Even though this is quite a bit of text, I do prefer it over something like this:

var content = repository.GetPublishedContentOrderedByStartDateAndTitle("No more .net", new PaginationStrategy(1, 15));

Also, as the query is now an object, you could introduce factory methods that populate the defaults. You could have two factories, one for for admin queries and one for public front end queries, that default to showing all content and published content respectively.

The first cut of the implementation of our repository then looks like this:

public List<Content> Execute(ContentQuery query){
        var criteria = Session.CreateCriteria(typeof(Content))
 
        if (query.Status == Status.Published){
                criteria
                       .Add(Restrictions.Le("StartDate", DateTime.Today))                
                        .Add(Restrictions.Ge("EndDate", DateTime.Today));
        }
 
        if (query.Status == Status.Draft){
                criteria
                        Restrictions.Or(
                                  Restrictions.Gt("StartDate", DateTime.Today),
                                  Restrictions.Lt("EndDate", DateTime.Today)
                        );
        }
 
        if (query.Author != null) {
                criteria.Add(Restrictions.Eq("Author", query.Author)) ;
        }
 
        if (query.FullText!= null) {
                criteria.Add(Restrictions.Like("Body", "%" + query.FullText + "%")) ;
            }
 
         ...
 
         return criteria.List();
}

There is a lot of conditional logic going on, but believe it or not , they are all “good ifs” (I should write a blogpost about good and bad ifs at some point). The approach even though being based on simple conjunction of criteria was covering all our use cases. More importantly it also helped with optimisation. We actually switched from using hibernate and the database to using lucene for searching content. The only thing we had to change was this single method inside the repository. So all the special case optimisations are hidden away in the repository and not exposed to the application (I recall a project that had a method along the lines of GetAllContentForTagOptimisedForTheFirstPage(Set<Tag> tags) – that was called from application code)

Another interesting observation is, that the query object is actually a very good candidate for a model object behind a search view/ UI, with all the fields of the query object matching one element in the UI. This reminded me that back in 2006 I did something similar coming from a UI perspective.

Verdict:
The SoC score of this solution is pretty high. It decoupled our application from the database and allowed for low impact optimisations. It also made the application code a lot more readable.

Want to use a Mock?

You are wrong! Well in most cases. It seems above the intellectual means of most agile developers (the non-agile developers don’t write tests) to realize that tests like the following are useless and even harmful.
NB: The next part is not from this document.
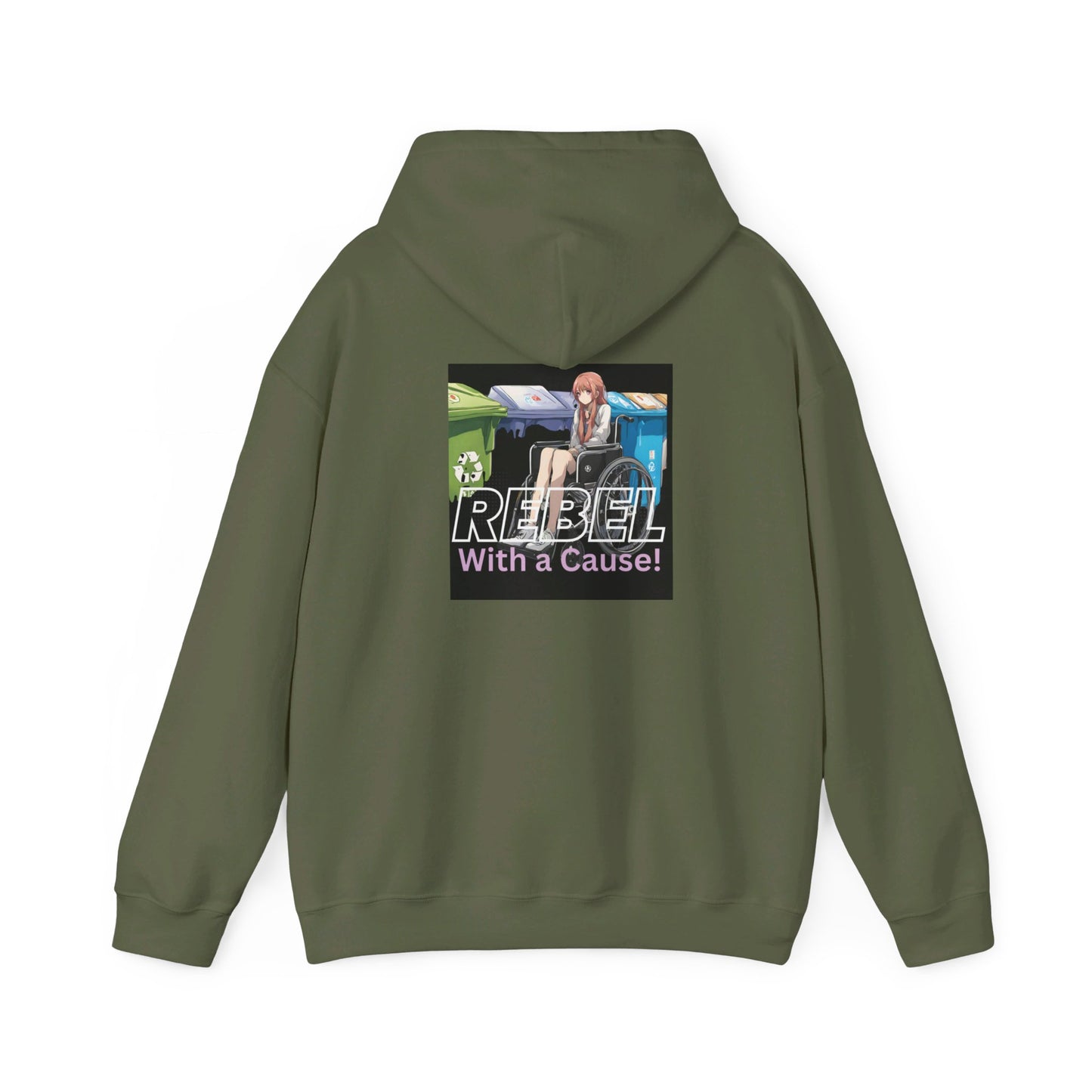 Unisex Heavy Blend™ Hooded Sweatshirt Designed as the perfect gift or merch for that earth loving inspirational wheelchair or mobility scooter eco warrior.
It is not giving me anything apart from test sclerosis.

  [Test]
        public void ShouldGetAllByauthorId()
        {
            //given
            var mockRepository = MockRepository.GenerateMock<IContentRepository>();
            var authorRepository = MockRepository.GenerateMock<IAuthorRepository>();
            var subcategoryRepository = MockRepository.GenerateMock<ISubCategoryRepository>();
            var contentService = new ContentService(mockRepository, authorRepository, subcategoryRepository);
 
            //when
            contentService.GetContentByAuthorId(1);
 
            //then
            mockRepository.AssertWasCalled(repository => repository.GetContentByAuthorId(1));
        }

A healthy six lines of code to test this:

   public IList<Voucher> GetContentByAuthorId(long authorId)
        {
            return contentRepository.GetContentByAuthorId(authorId);
        }

Verdict: Waste in an agile disguise.